What you need to do – After locating the line that contains "NM license plate 548RBR", give that line and all the rest through the end of the entries again exactly, leaving the pictures out.

........

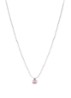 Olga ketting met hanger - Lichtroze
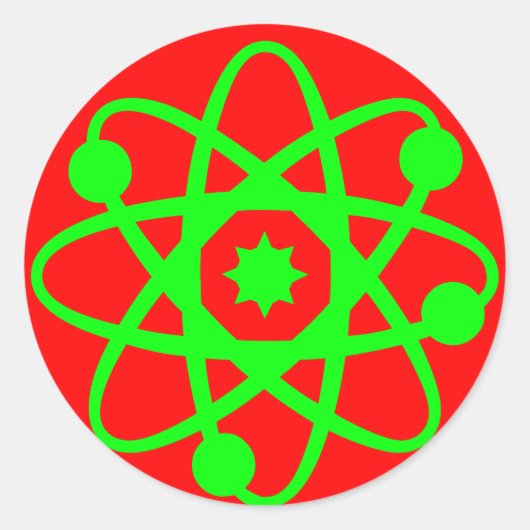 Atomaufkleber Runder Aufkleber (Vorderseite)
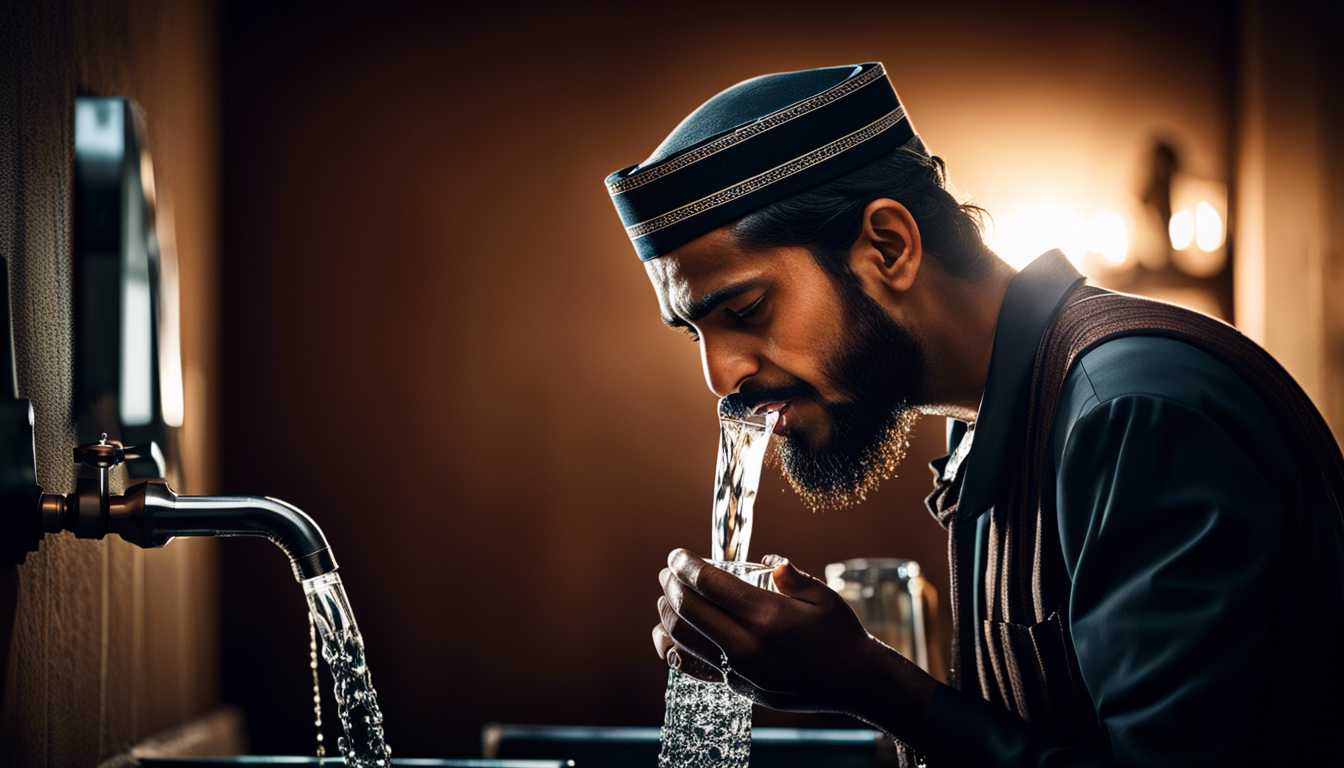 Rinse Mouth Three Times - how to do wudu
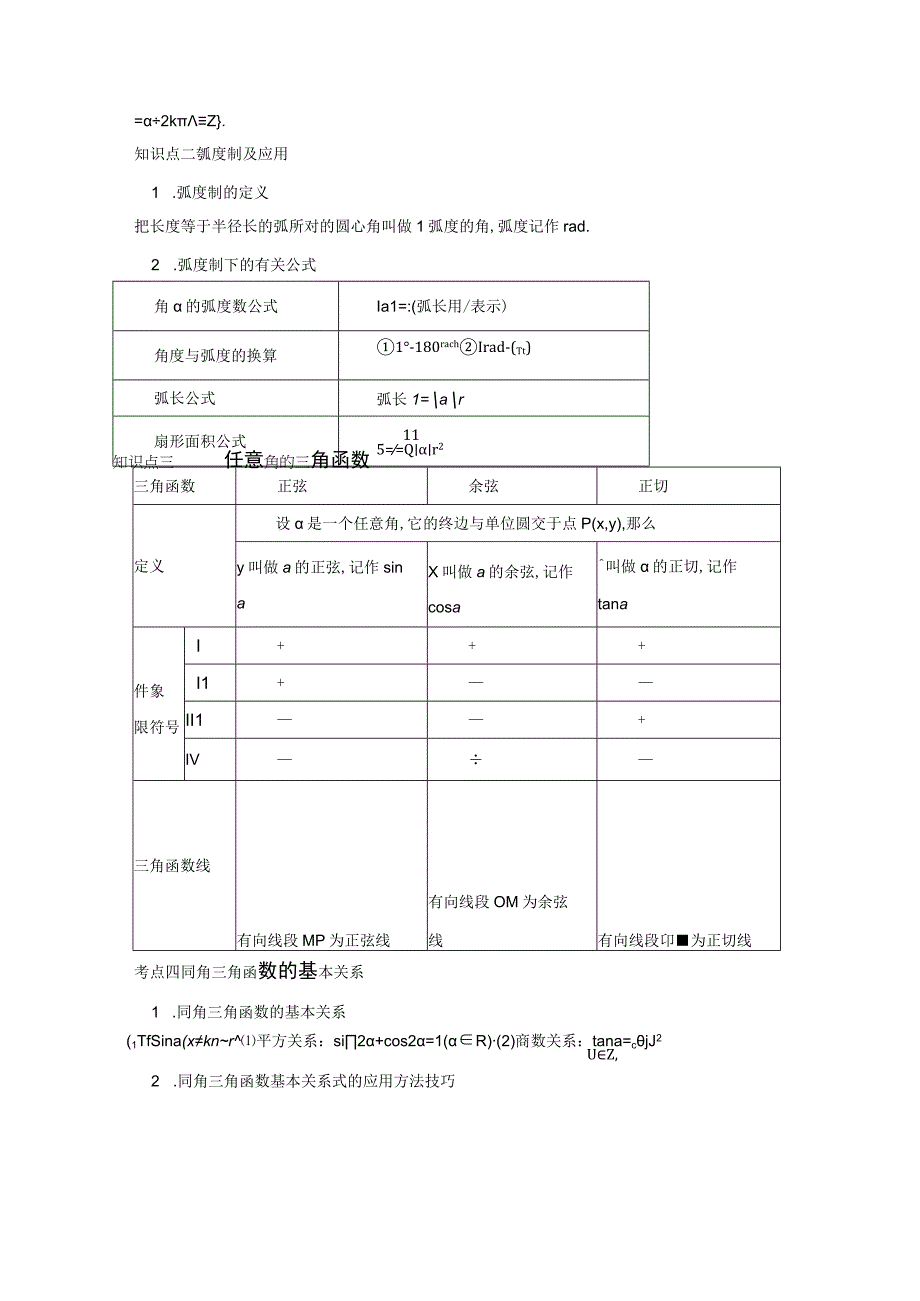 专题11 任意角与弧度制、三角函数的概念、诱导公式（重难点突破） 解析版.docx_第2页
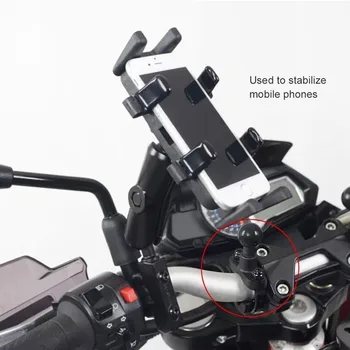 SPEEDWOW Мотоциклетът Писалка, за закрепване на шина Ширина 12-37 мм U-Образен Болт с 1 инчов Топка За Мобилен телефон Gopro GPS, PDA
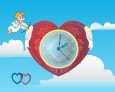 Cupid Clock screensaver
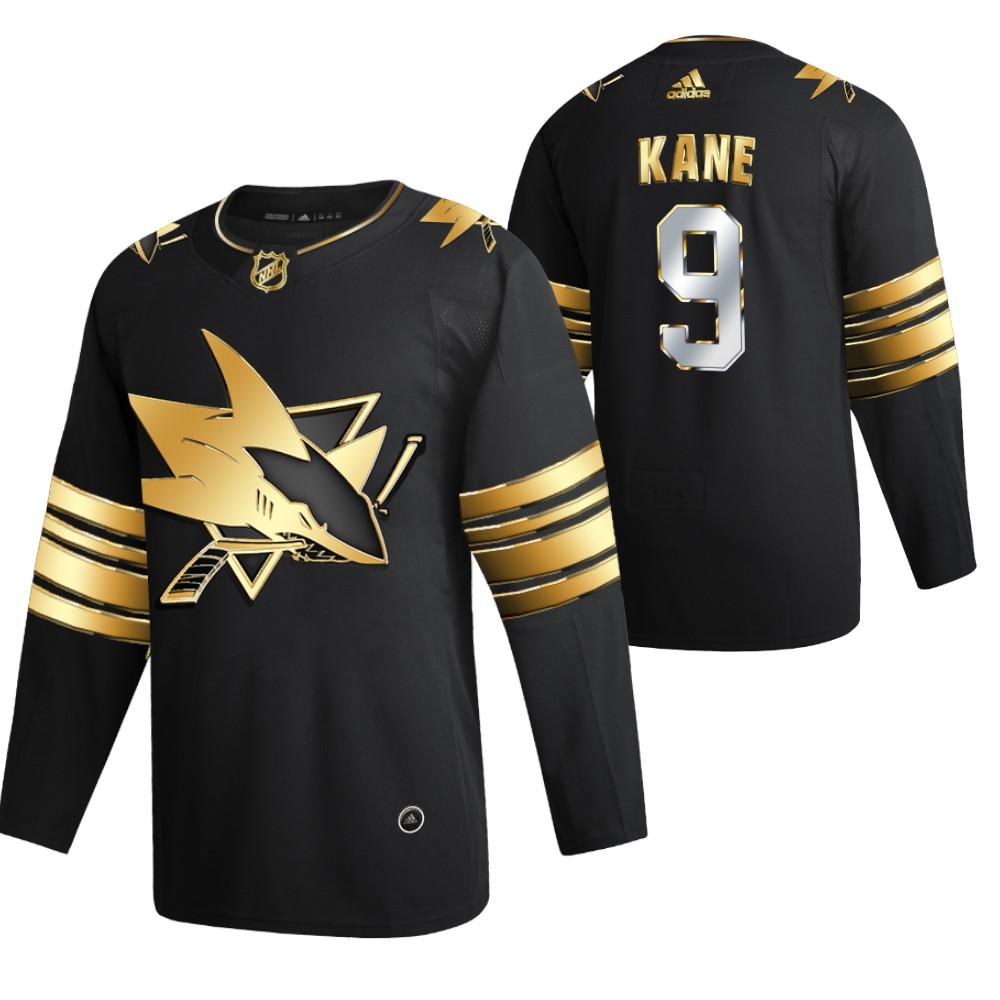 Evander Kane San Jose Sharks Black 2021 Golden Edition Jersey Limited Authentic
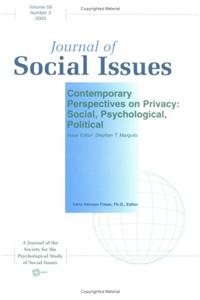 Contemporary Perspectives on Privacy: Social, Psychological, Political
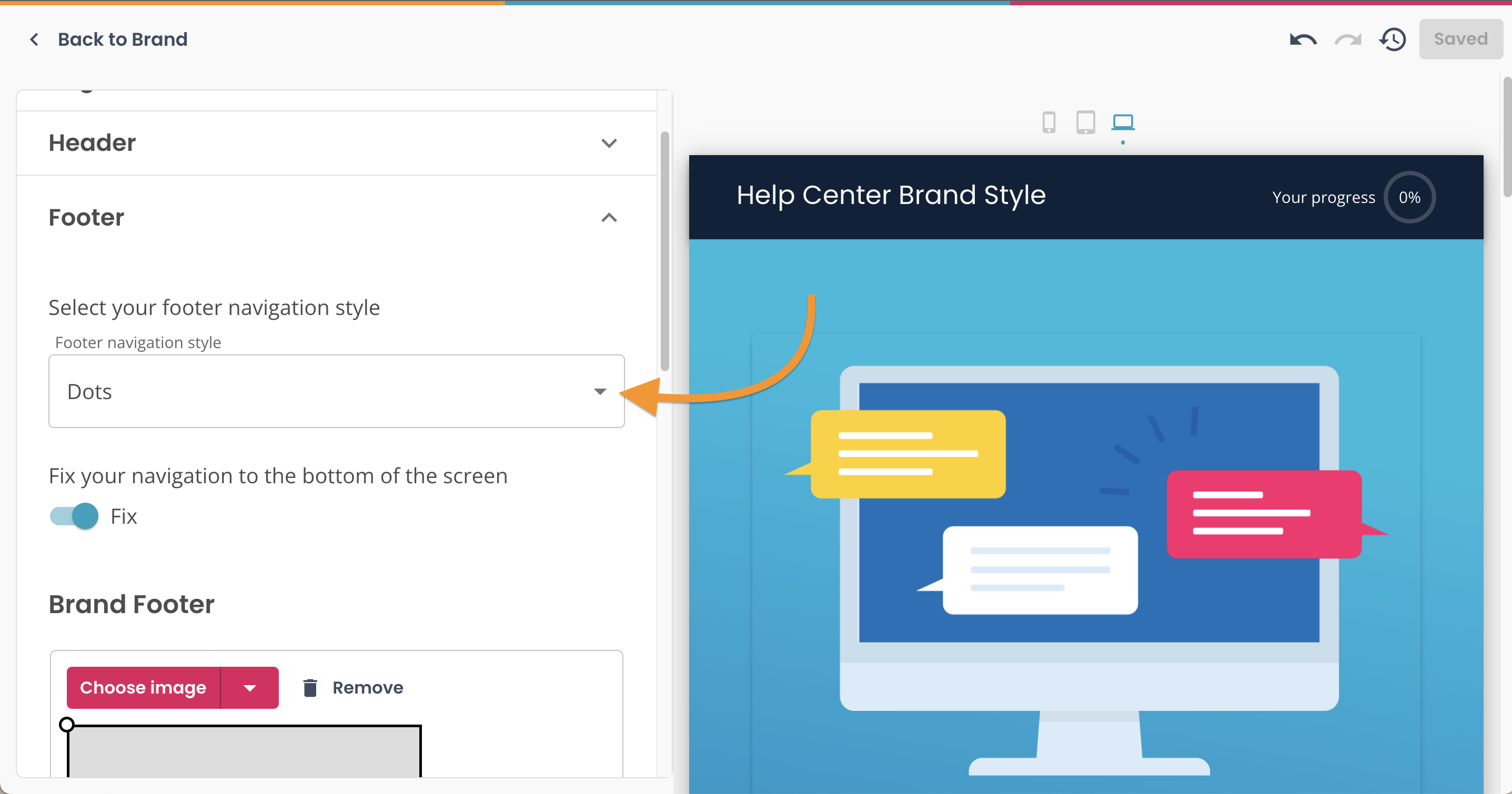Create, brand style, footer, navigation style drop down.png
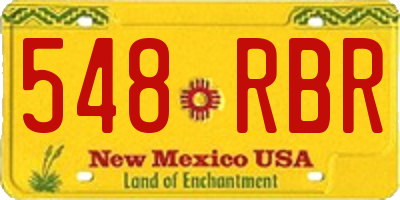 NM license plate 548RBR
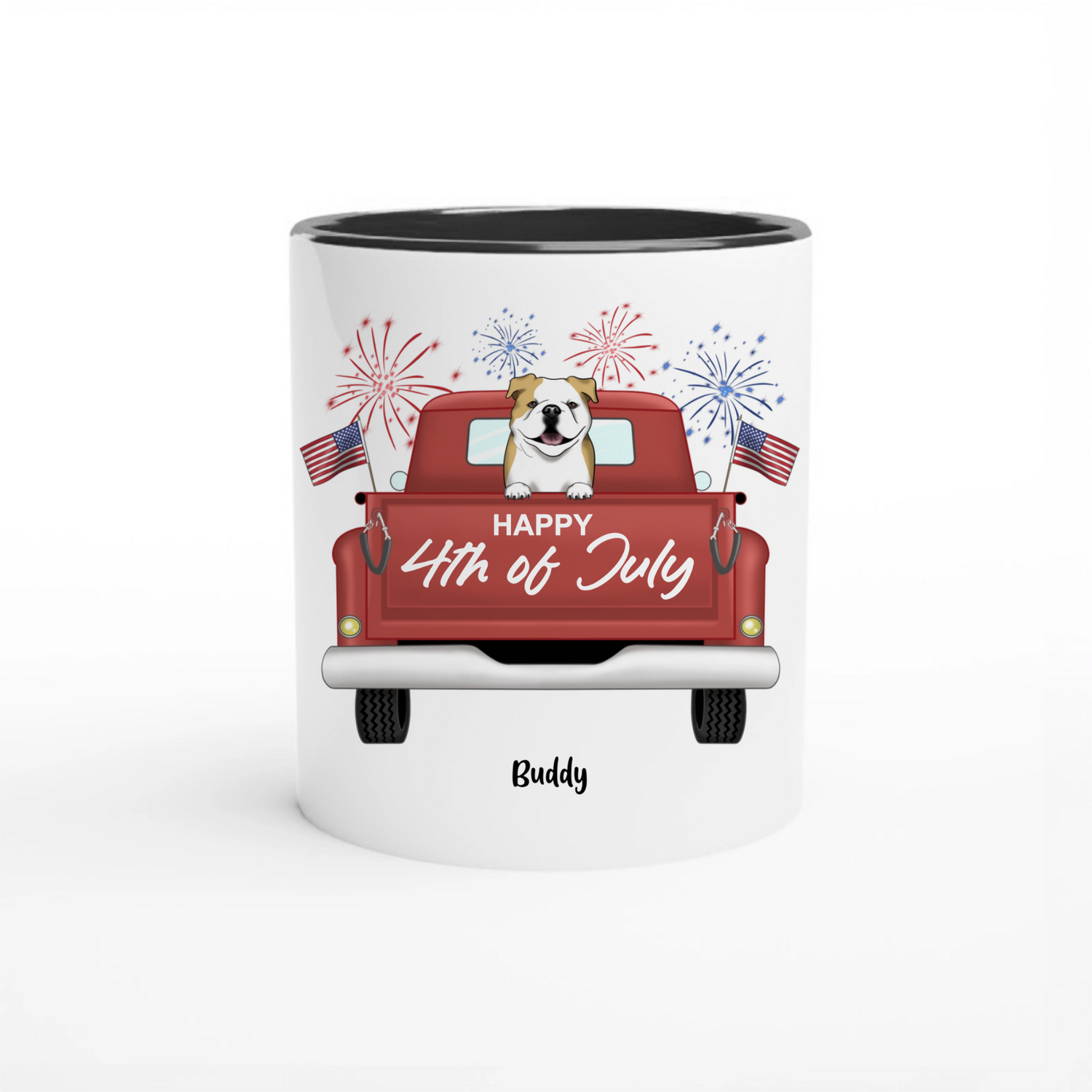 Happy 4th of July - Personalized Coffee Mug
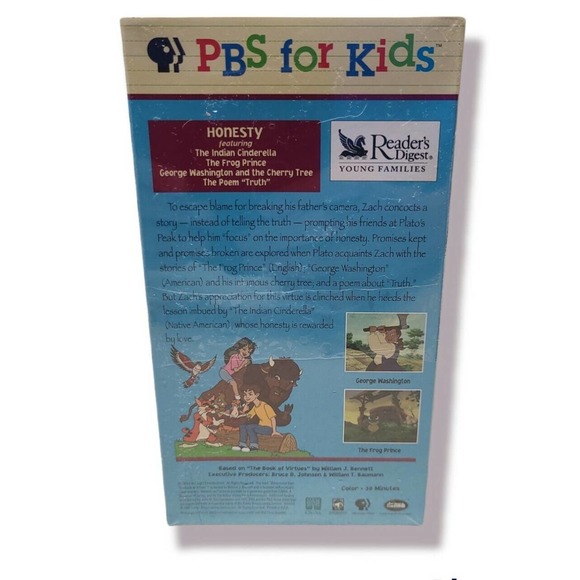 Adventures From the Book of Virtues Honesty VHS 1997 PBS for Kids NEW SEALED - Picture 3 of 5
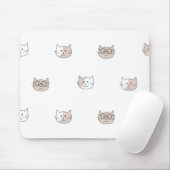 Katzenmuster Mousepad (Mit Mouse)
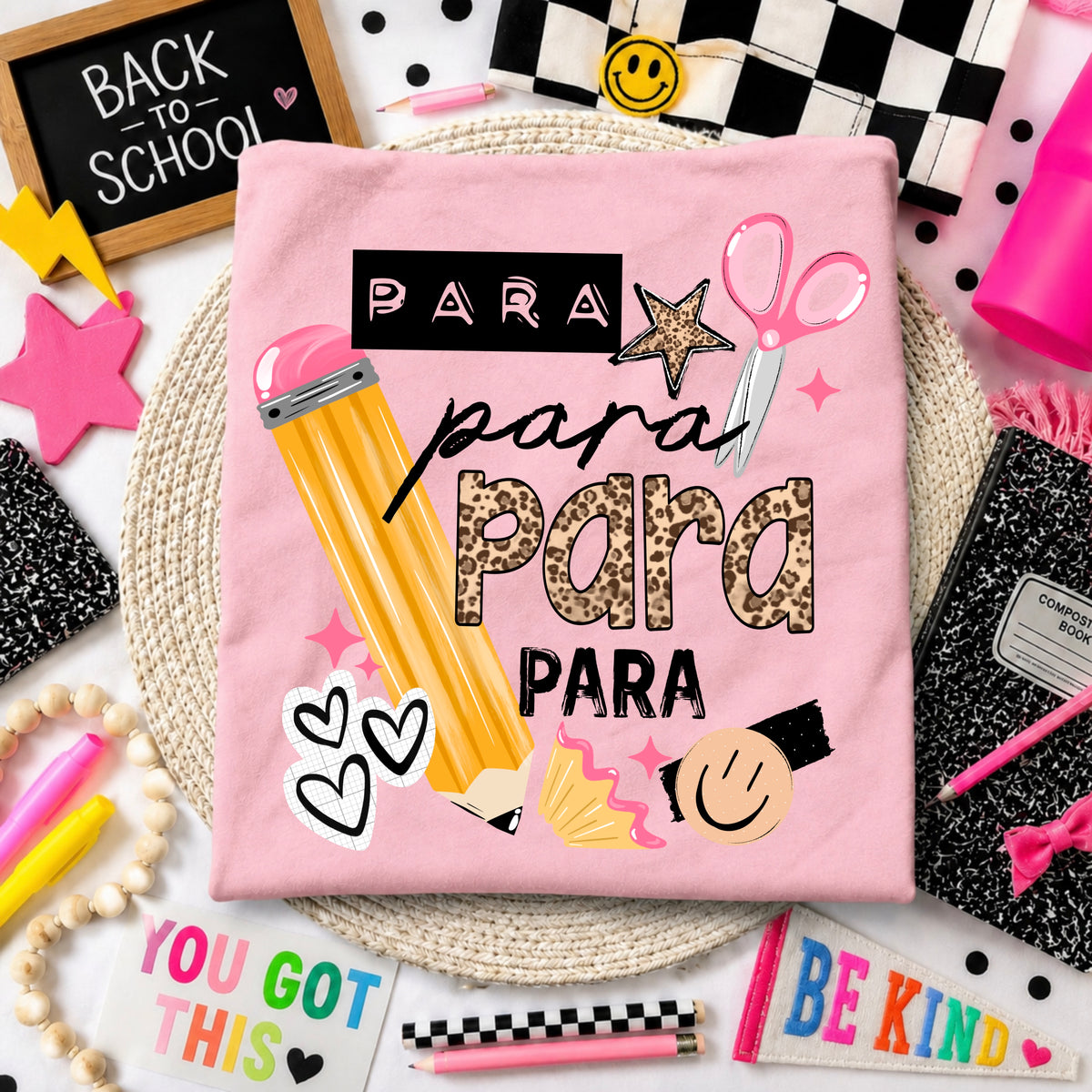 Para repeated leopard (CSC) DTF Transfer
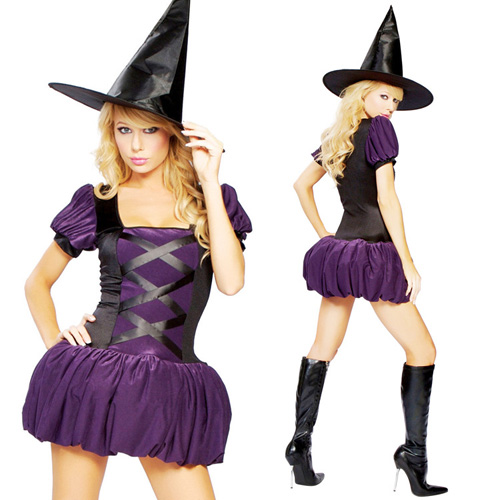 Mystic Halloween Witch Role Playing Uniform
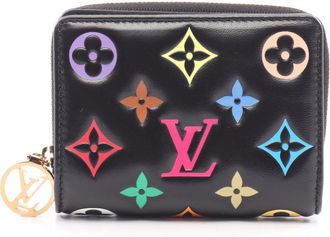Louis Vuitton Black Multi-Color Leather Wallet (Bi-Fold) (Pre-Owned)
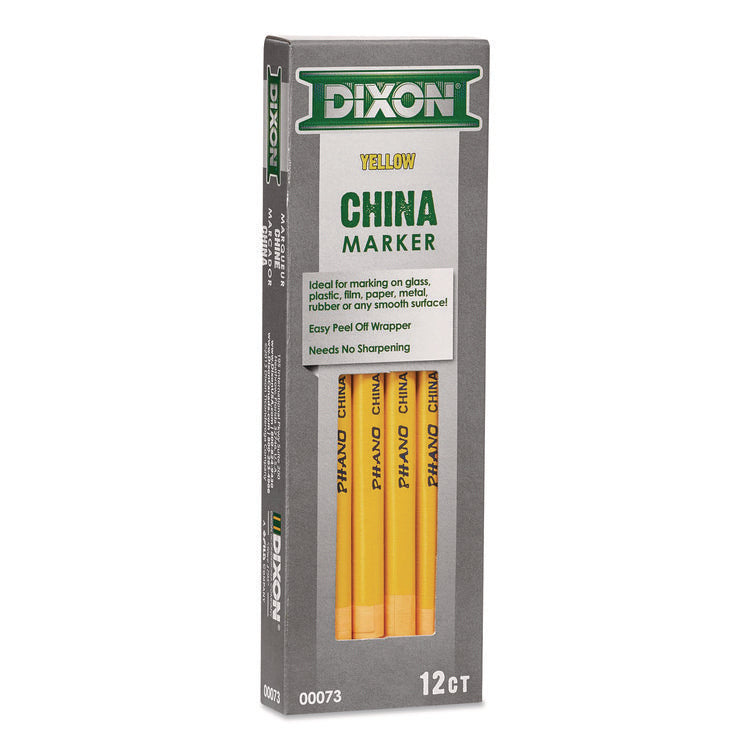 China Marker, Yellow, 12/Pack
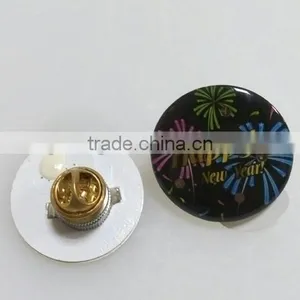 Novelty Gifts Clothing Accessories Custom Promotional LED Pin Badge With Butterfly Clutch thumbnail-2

........

Response to the exercise –
 NM license plate 548RBR
 Happy 4th of July - Personalized Coffee Mug
 Adventures From the Book of Virtues Honesty VHS 1997 PBS for Kids NEW SEALED - Picture 3 of 5
 Katzenmuster Mousepad (Mit Mouse)
 Para repeated leopard (CSC) DTF Transfer
 Mystic Halloween Witch Role Playing Uniform
Louis Vuitton Black Multi-Color Leather Wallet (Bi-Fold) (Pre-Owned)
 China Marker, Yellow, 12/Pack
 Novelty Gifts Clothing Accessories Custom Promotional LED Pin Badge With Butterfly Clutch thumbnail-2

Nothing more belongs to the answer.